The film is Irving's response to being banned from visiting Australia in 1993.

Judge Michael Higgins said while some parts of the film were offensive to Jewish people, he did not find any grounds that would justify a breach of the Act.

Festival director Richard Wolstencroft said the decision was a victory for the freedom to express unpopular beliefs.

"We don't support David Irving's ideas but we do support his right to freedom of speech," he told reporters.

"Australians do have the right to hear his perspective."

The Jewish Council also asked that a second filmed scheduled for screening at the festival, "The Israel-Palestine Conflict: A Palestinian Perspective," also be barred because it claims the Holocaust is unfairly used to justify support for Israel.

"There is no doubt there are people in our community and around the world who don't necessarily support the policies of the Israeli government," council president Michael Lipshutz said.

"We respect their rights to have that view, but when you put these films together in one festival when David Irving's film refers to the Holocaust in a derogatory sense, then we say that tends to vilify Jews," he said.

The film is generally available for sale or hire but Lipshutz said the issue concerned was its public display.

"We don't have unlimited and unfettered freedom of speech in any country," he said.
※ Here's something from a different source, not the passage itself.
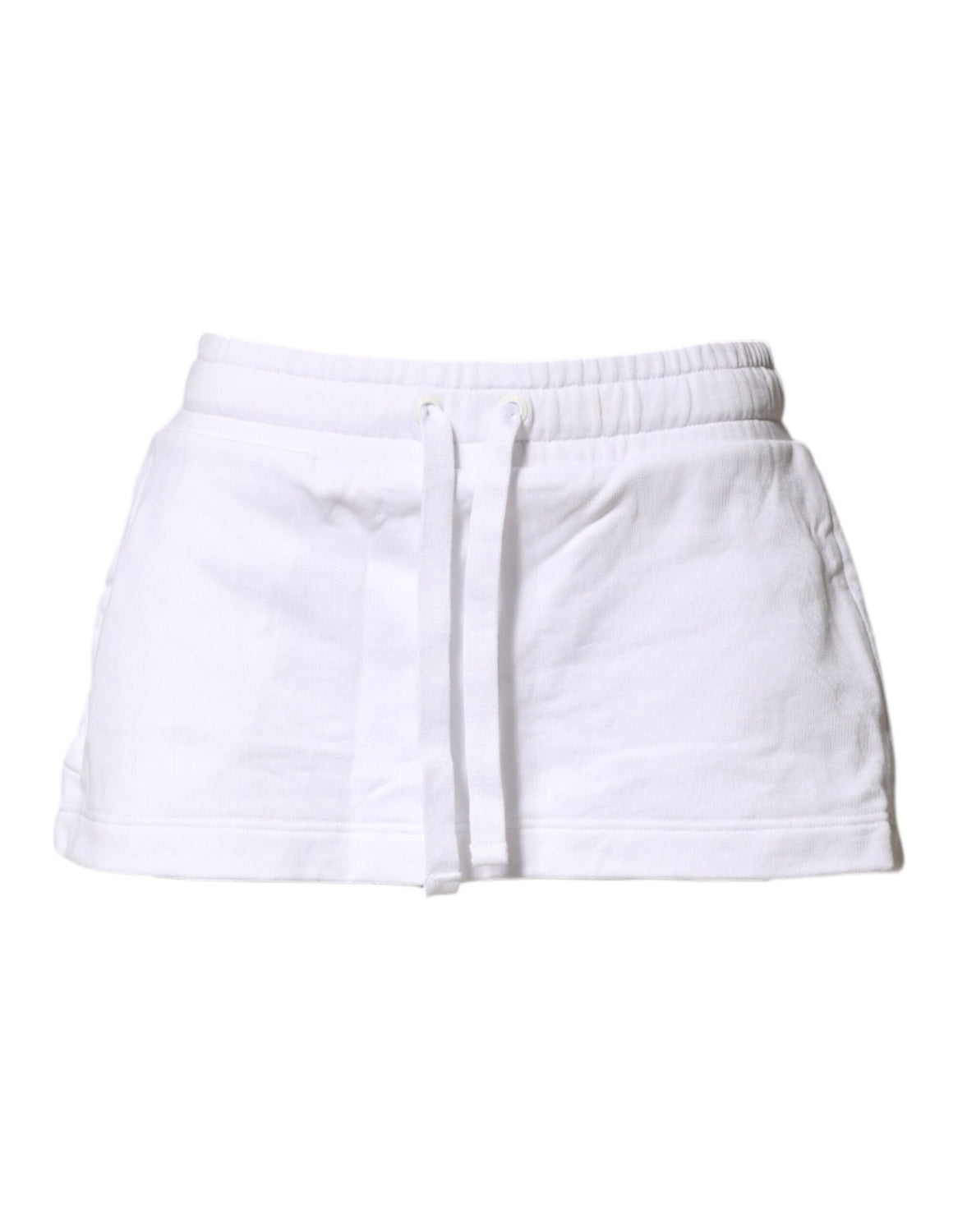 White Cotton Blend Mid Waist A-line Mini Skirt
"I can no more go around saying 'Death to the Aborigines' or 'Death to Catholics' or 'Death to anybody else.' That's freedom of speech but you would say to me that's inappropriate in a society such as ours."

Renowned for denying that the Holocaust occurred, Irving has been denied a visa to enter Australia three times, in part due to his 1992 conviction in Germany for defaming the memory of the dead.

He was most recently banned from visiting Australia in January.

Irving has written numerous accounts denying the reality of the Holocaust -- Nazi Germany's systematic slaughter of some six million Jews between 1933 and 1945.